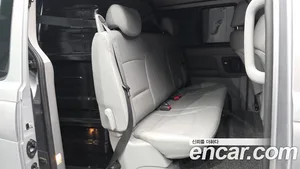 Hyundai Starex, 2018 — миниатюра 18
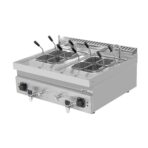 Pasta Cooker 2x12L - Image 2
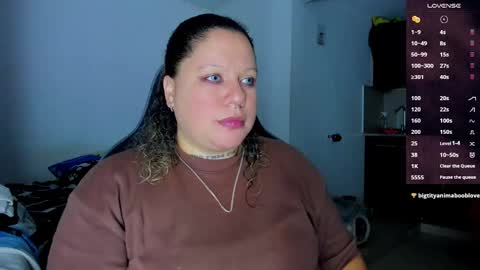   Independent Model online show from 01-19-25, 05:05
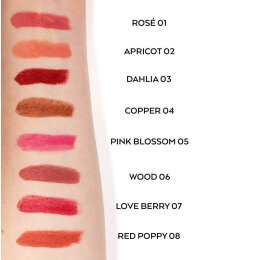 UND GRETEL TAGAROT Lipstick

Problem to solve:
Retype the whole listing exactly and leave the pictures out.

Output of the task:
 Hyundai Starex, 2018 — миниатюра 18
 Pasta Cooker 2x12L - Image 2
   Independent Model online show from 01-19-25, 05:05
 UND GRETEL TAGAROT Lipstick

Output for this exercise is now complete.